Chile lawmakers mull additional mining tax for copper, lithium
The Lower Chamber of Chile’s Parliament has begun studying a project that would set a 3% mining royalty for all companies operating in the country, which is the world’s top copper producer and the one with the largest known reserves of lithium.
The proposed tax, to be applied on the nominal value of extracted metals, would affect copper miners that produce more than 12,000 tonnes of the metal annually and those extracting 50,000 tonnes a year of lithium, used in batteries that power electric cars.
The idea is to have miners contributing part of their profits to the regions where they operate, Radio Universidad de Chile reported (in Spanish).
The last time Chile increased mining royalties was in 2010, following an 8.8 magnitude earthquake that left the government scrambling for additional funds to rebuild the devastated areas.
The bill, put forward by lawmakers from a number of small parties pushing for Chile's decentralization, is not thought to have the backing of the government or larger opposition parties.
The last time Chile increased its mining royalties was in 2010, following an 8.8 magnitude earthquake that left the government scrambling for additional funds to rebuild the devastated areas.
At the time, mining taxes went from between 4 and 5 percent to 4 percent to 9 percent of sales on a sliding scale. The royalty rose again early this year to between 5 to 14 percent.
After the lost crown
Chile, which holds about 52% of the world’s known lithium reserves, recently lost its top lithium producer crown to Australia. But both companies and the government are working hard on reversing that.
Over the past several months, Chile’s SQM — the world’s number two lithium producer — has been expanding its mines.
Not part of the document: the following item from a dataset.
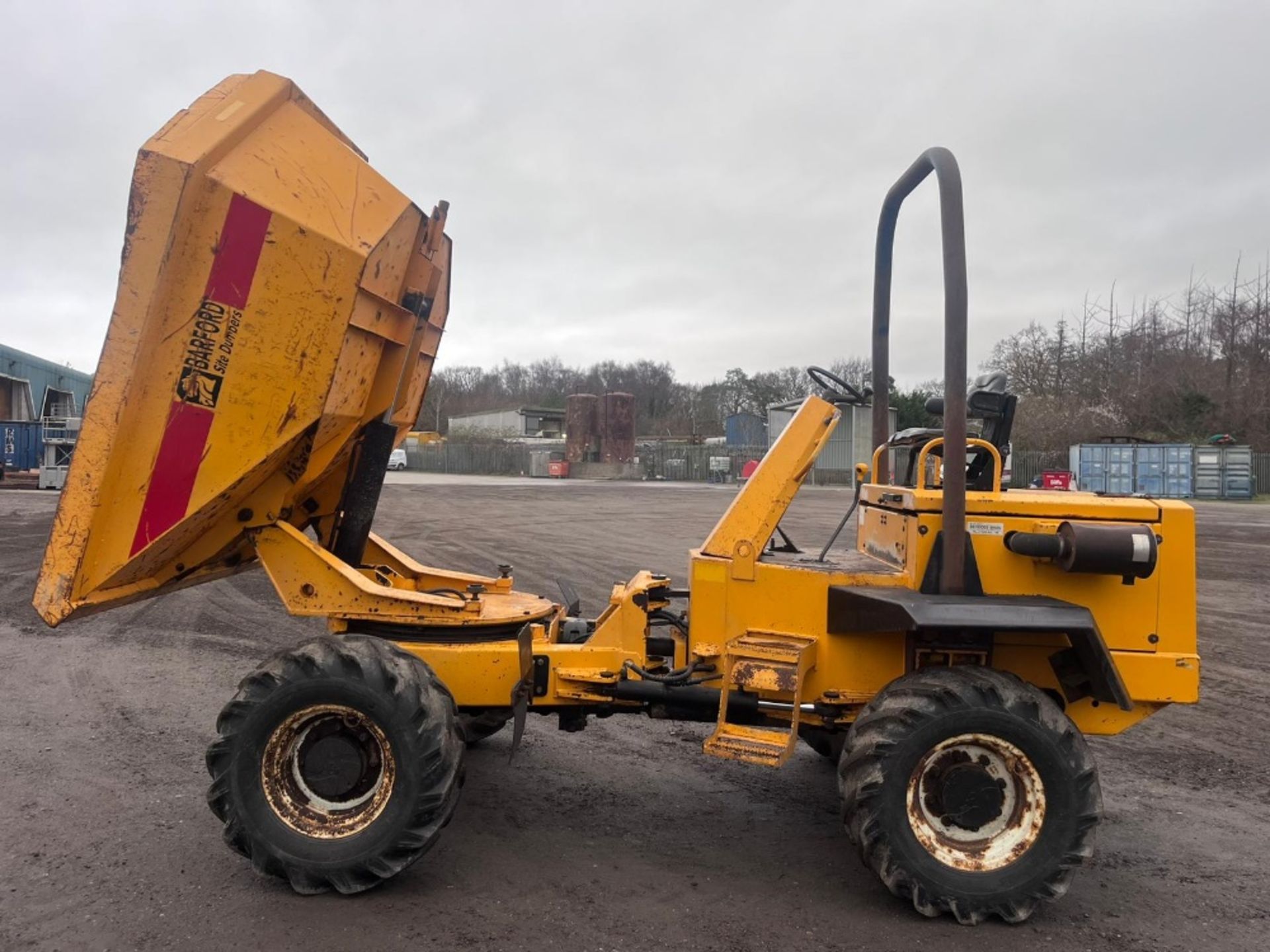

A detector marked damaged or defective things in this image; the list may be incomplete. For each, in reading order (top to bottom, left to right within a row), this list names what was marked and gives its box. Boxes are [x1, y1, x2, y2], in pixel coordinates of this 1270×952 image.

The company recently finished the first stage of a lithium carbonate ramp-up in Chile’s Salar del Carmen, reaching a capacity of 70k million tonnes a year.
“Our next step will be to work towards our goal of 120k MT/year, which is expected to be completed by the end of 2019,” chief executive officer Patricio de Solminihac said last month.
The firm actually believes it will soon overtake US-based competitor Albemarle as the world's top lithium miner, by 2022 to be exact. SQM expects to boost its production capacity that year to 28% of the world's total versus Albemarle's 16%.
Chile expects lithium to soon become its second largest mining asset, just behind copper. It's currently the country's fourth biggest export.